Third place went to Banco Popular,
which had a 2% increase to €953m, narrowing its gap with BBVA after
pushing its network to do more leasing.

Spanish banks largely use their
branches to sell leasing, with direct business being less
relevant.

Miguel Vara, principal at Alta
Group in Madrid, explains: “Banks in Spain sell leasing as a
commodity, using their network and offering leasing as they would
offer any type of financial product.

“In that sense, they are more
efficient and their network is enormous, because they can sell
leasing even in remote regions.”

Like BBVA, Santander has almost
3,000 branches across Spain where its customers can request and
manage a leasing operation.

Santander head of leasing Rafael
Ortuño Vilar-Sancho says: “Our strategy since the beginning of our
activity has been to turn into a banking product [‘bancarizar’] all
of our products.”

Vilar-Sancho says that the nature
of leasing as a form of financing investments has made it
particularly attractive for customers.

“Leasing has become a priority
within Santander’s strategy,” he adds.

“Each of our employees in our bank
branches knows this product well and can show its advantages and
characteristics to our clients. Additionally, almost 100% of the
contracts can be emitted by our branches without any extra help
from our central offices.”

While leasing of equipment is
managed by the local branch, the part which involves big-ticket
deals is sometimes done centrally. Each Spanish bank has its
specialist team that operate for corporate customers or large
transactions.

The likes BBVA, Caja Madrid and
Santander all have units that specialise in corporate customers and
vendor finance – but vendor business is marginal compared with
customer-originated business (see p24-25).

For instance, Santander is in the
process of signing a €32m deal for providing one of Spain’s largest
construction companies with a tunnel boring machine. In January, it
signed an agreement with diary and food company Leche Pascual to
finance one of Europe’s largest fleets of hybrid vehicles –
including 500 Toyota Auris cars and 30 Toyota Prius.

Photo showing Santander signing an agreement with dairy and food company Leche Pascual to finance one of Europe’s largest fleets of hybrid vehicles in January 2011

 

Clean-up
required

Spain’s cajas, or savings banks,
have come under pressure recently.
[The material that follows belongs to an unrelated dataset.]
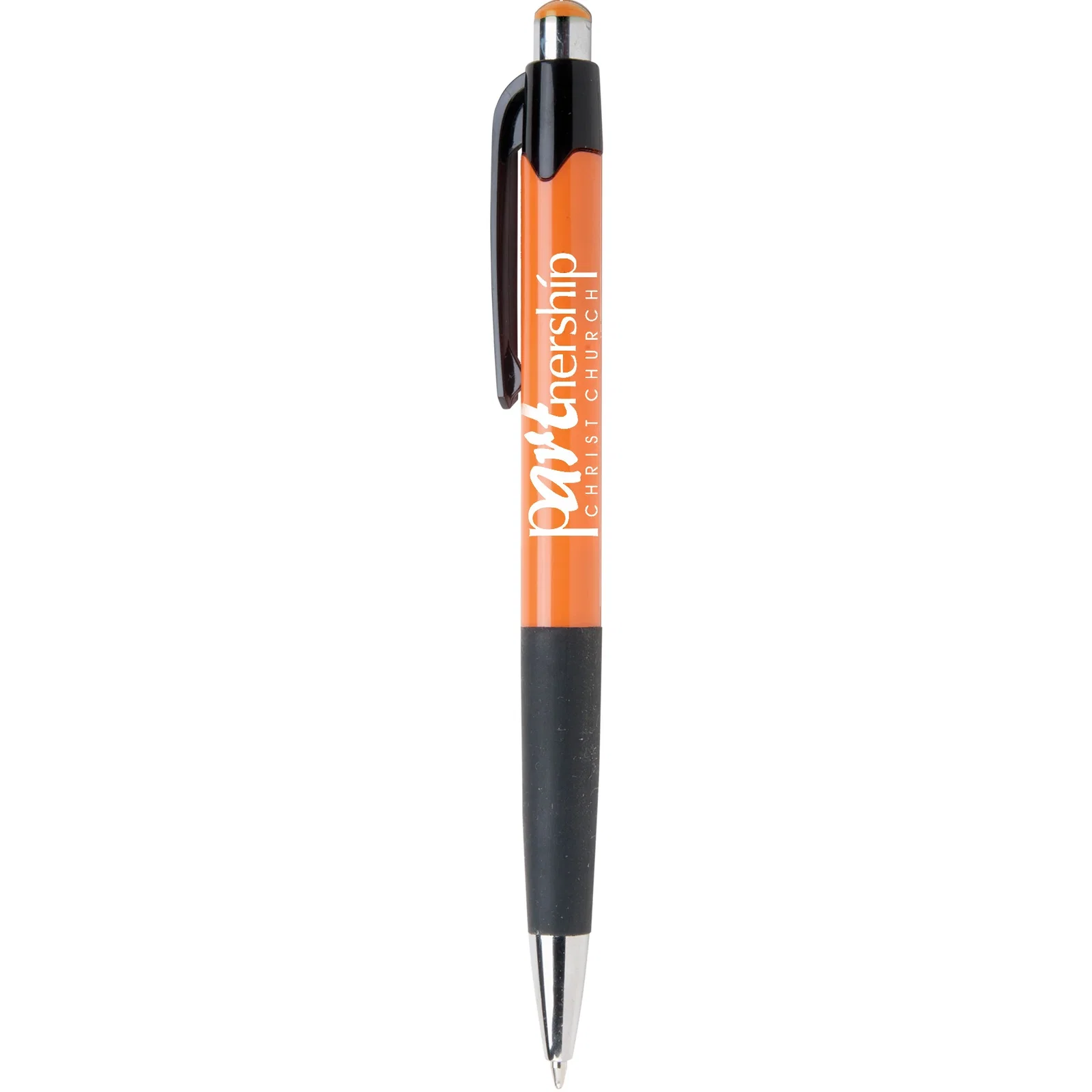 Mardi Gras™ Night Pen — view 2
A wave of consolidation seen in
the past months has resulted in a reduction from 45 to the current
17 cajas, and the process is continuing.

The Spanish government recently
estimated a funding gap of €20bn for the cajas, caused by reckless
lending – particularly with their mortgage activity – during the
years of the property boom, but rating agencies have said that this
might not be enough to restore their financial stability.

Moody’s raised its estimate for the
funding shortfall from €17bn in December to €50bn last month, most
of which would concentrate in the savings banks.

Moody’s senior analyst Alberto
Postillo says that, in order to regain markets confidence, a “full
clean-up of losses embedded in banks’ balance sheets” would be
needed.

With new core capital ratios
approved by the Spanish government in early February, some savings
banks have said that they would seek to sell parts of their
business.

Whether it is leasing, it remains
to be seen, but, Postillo says: “Should there be a move among
Spanish savings banks to sell leasing arms, this will not lead to
significant deleveraging as this type of lending does not have a
material weight in banks’ balance sheets.”

Perez is confident that cajas-owned
leasing companies will not suffer as a consequence of the
consolidation.

“Savings banks are merging with
different formulas,” he says.

“When they have specialised leasing
subsidiaries, there could be a merger of these subsidiaries, but
not necessarily. For the rest it shouldn’t change very much.”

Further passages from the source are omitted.